Originally Posted by rbw156
Have you experienced a wheel bearing failure? If so, when? What do you think caused it? Was it covered by warranty? How much did it cost to recover? How much did it cost to repair? How often do you service your wheel bearings?
I read this post Friday last and thought thankfully no, or rather not yet given the environment we subject wheel bearings to. Heat 'em up, dunk in corrosive medium, leave to season, etc.
Yesterday, Sunday, I carefully ready the boat for the first outing in over a month due to work, including checking the wheels for play and greasing the bearings via the fitted nipples. 10 miles down the road I'm snaking through a roundabout and, force of habit always looking at the trailer wheels on any corner that affords a good view, think I see the right side wobble. I pull over immediately and find the innner bearing is destroyed and things are hot, very hot. I get out the jack and socket set and of course it begins to rain - hard! At least it cools the mess down but I find myself having to remember that I need to be even more careful of getting knocked down in the reduced viz so wait it out.

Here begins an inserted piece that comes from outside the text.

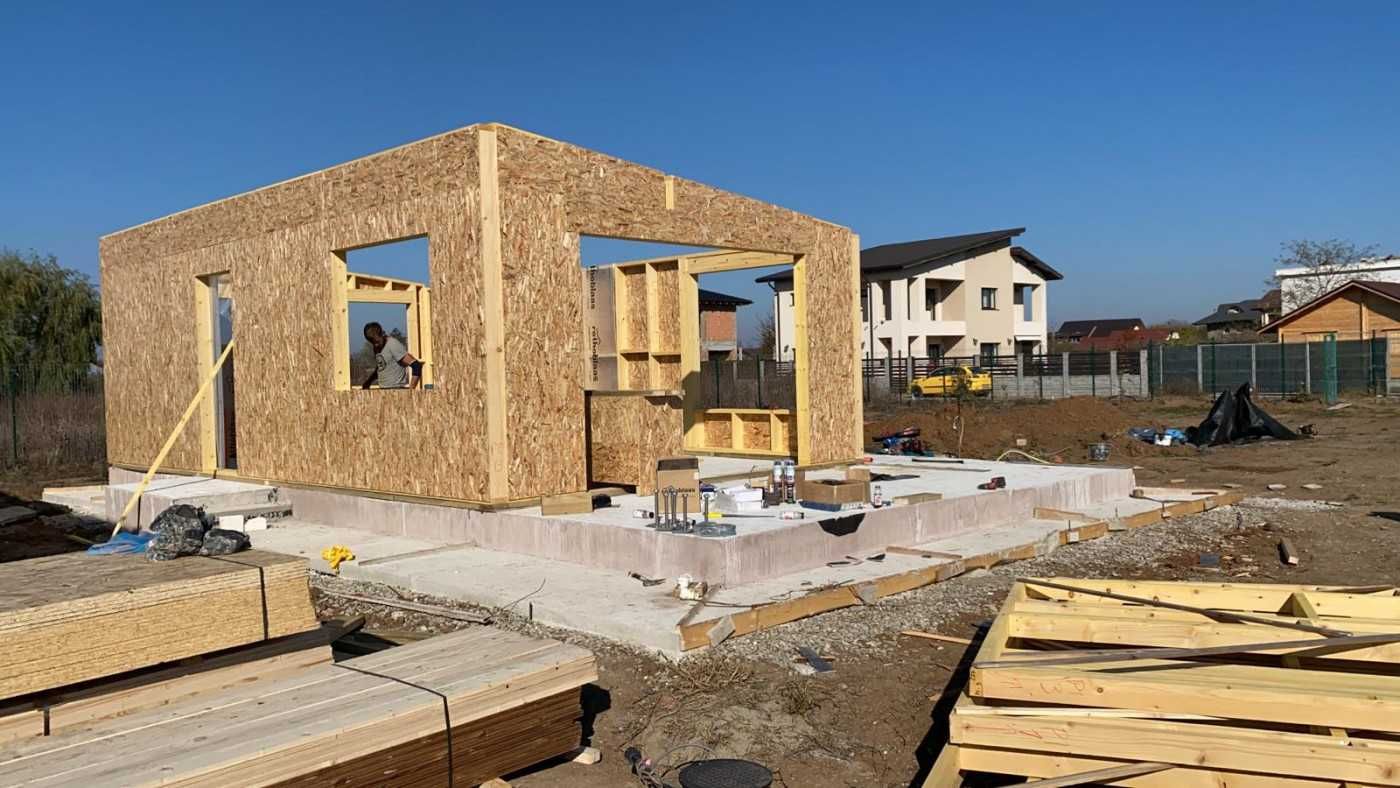 Cabana stil A-Frame, casa, terase si foisoare din structura de lemn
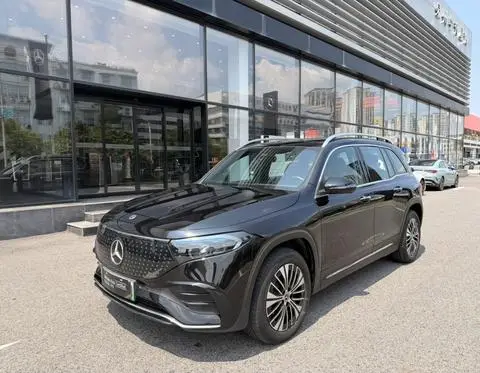 Mercedes-Benz EQB 2025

I put out my triangle as I'm only a 100m past the roundabout with a blind exit and station my 16 year old nephew at roundabout exit to ensure people see it and the boat. Meanwhile I remove the wheel/hub and replace what's left of the outer bearings. I managed to limp to safe parking (in a factory car park with 24 hour security -so not all bad) making the worst noises you can imagine. I've sourced what I hope are the correct hubs (Hu004 for a Snipe) and will hopefully replace and recover this evening. As ever thankful no-one was hurt and everything is fixable however I'd better not get a puncture in the car as the jack is under the boat!
My contribution to the original post is I recovered as above and the trailer is well out of warranty. I do think I might have actually been better off limping to secure parking before the damage assessment as the hub went back on in worse condtion than it came off as the outer race came apart with the hub removal but that's hind-sight for you! I check and grease the bearings start of every season and replace if required. I learned the hard way before never to tow without a proper socket set and a scissors jack. The bearing hub was still full of grease with no signs of rusting anywhere although the whole thing was a pretty well destroyed. I regularly grease and check my wheels but this gap in use was unusally long so my conclusion is leaving the trailer stationary for a long time was my undoing with the inner race getting some corrosion at the contact points. What was astonishing was the rate of and scale of the bearing failure - possibly hastened by hitting a builders poorly refilled trench across the road near my house.
I have used bearing buddies but as much of my use involves trips of less than a mile to the slip I don't think they work in that situation and prefer a grease nipple and gun. However I do find that the bearing cap tends to 'hydraulic' out before the hub is properly packed with grease. My experience is buddies work only when the hubs heat up and thin the grease. I have used them on a braked trailer and had no problem with them contaminating the shoes. In fact I wished they would leak a little into the drums given the rust in brake systems!